Ondo State Commissioner for Works and Transport
- In office 1979–1983
- Governor: Michael Adekunle Ajasin

Personal details
- Born: 14 February 1931 Akungba Akoko, Southern Region, British Nigeria (now in Ondo State, Nigeria)
- Died: 29 March 2007 (aged 76)
- Occupation: Politician

= Adebayo Adefarati =

Nigerian politician (1931–2007)

Adebayo Adefarati (14 February 1931 - 29 March 2007) was a Nigerian politician who served as governor of Ondo State from 1999 to 2003.

==Life and career==
Adefarati was appointed commissioner twice under the Afenifere leader Chief Michael Adekunle Ajasin. He was the State Commissioner for Works and Transport (between 1979 and 1983). Adefarati was also a prominent member of the National Democratic Coalition (NADECO), a leading organization in the fight against the military during the rule of Sani Abacha.

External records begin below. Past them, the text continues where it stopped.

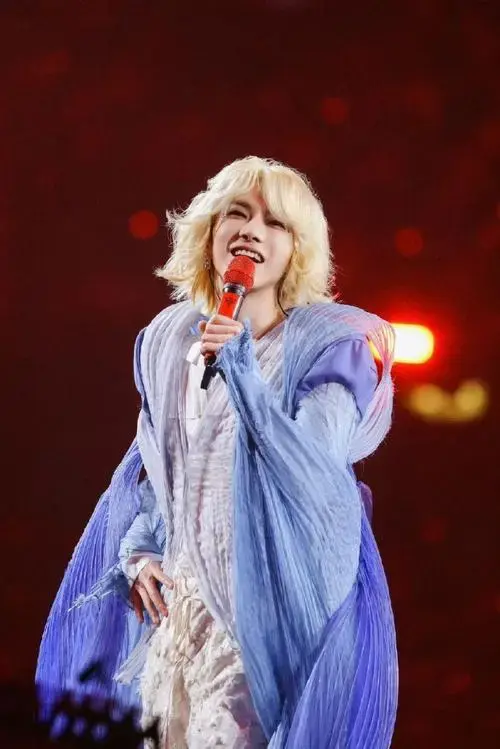 2024华晨宇火星演唱会
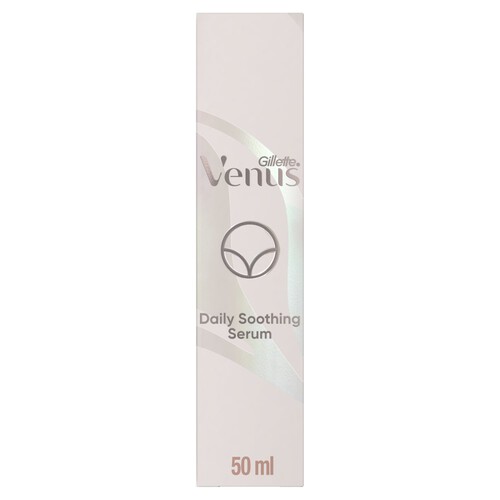 Venus Fig Post Shave Serum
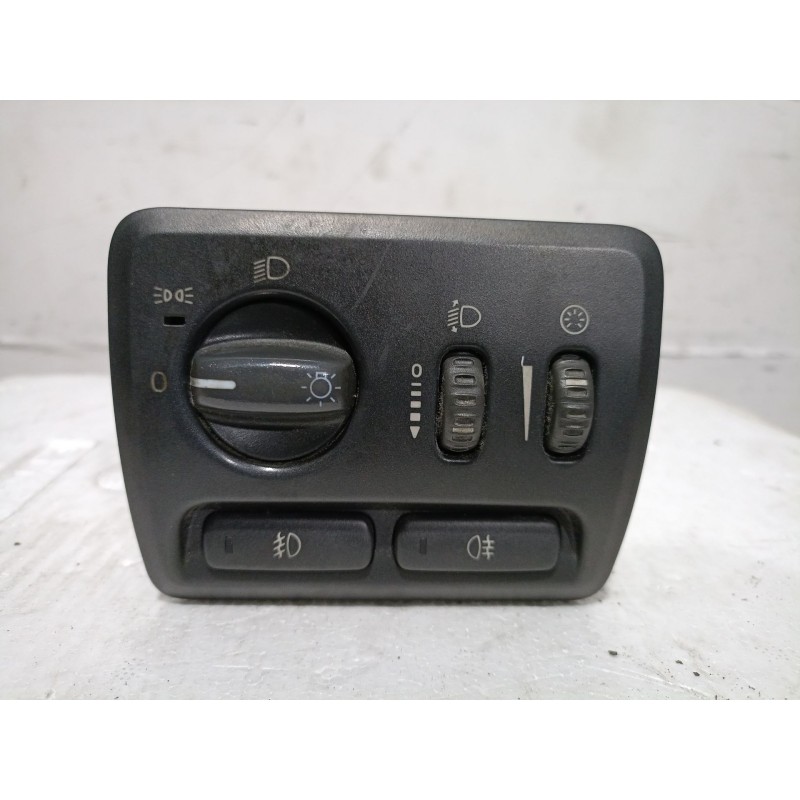 Recambio de mando luces salpicadero para volvo s60 i (384) 2.4 referencia OEM IAM 9441233  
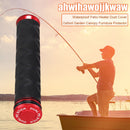 FG GT Knot Assist PE Fishing Line Puller Rod Knotting Device (Red L) Newly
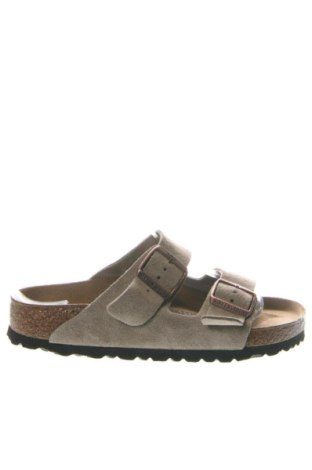 Papucs Birkenstock, Méret 38, Szín Bézs, Ár 51 919 Ft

Political intrigues during his term as governor culminated in the alienation of many of his erstwhile comrades, figures like Olusegun Mimiko, Chief Rufus Giwa, Akerele Adu, Olu Agunloye, Chief Yele Omogunwa, Chief Niyi Omodara, Olatunji Ariyo and Chief Bamidele Awosika.

This state of affairs worked against him when he bid for a second term as governor and enhanced the likelihood of victory for Olusegun Agagu at the polls in April, 2003. Claims made against Adefarati included disillusionment with his administration and a lack of transparency in the selection process adopted by the Alliance for Democracy in the selection of its gubernatorial candidates at that election.

Adefarati's relationship with Chief Ruben Fasoranti and Chief Olu Falae was only being repaired during the election, which limited the impact of the duo in his favour during the Nigerian general elections of 2003. Many of his detractors were to regret their actions later when Olusegun Agagu was himself removed from office by a coalition that included many of the previous players and was replaced by Olusegun Mimiko, thus vindicating Adefarati.

During the 1999 Ondo State gubernatorial election, Adefarati was elected governor from 1999 to 2003. He was later a presidential candidate for the Alliance for Democracy party in the April 2007 presidential election, but died in Owo, Ondo State, at the age of 76 of an undisclosed ailment a few weeks prior to the election. He had not been considered a major candidate, but his death raised the possibility that the election would be delayed. A spokesman for the Independent National Electoral Commission said that this would not happen, and that the party could name a replacement candidate.

==Personal life==
Adefarati was a native of Akungba Akoko and was married to Adetutu Adefarati. As an Oloye of the Yoruba people, he held the traditional titles of the Otunba Elekole of Ikole and the Bobajiro of Osu-Ilesa.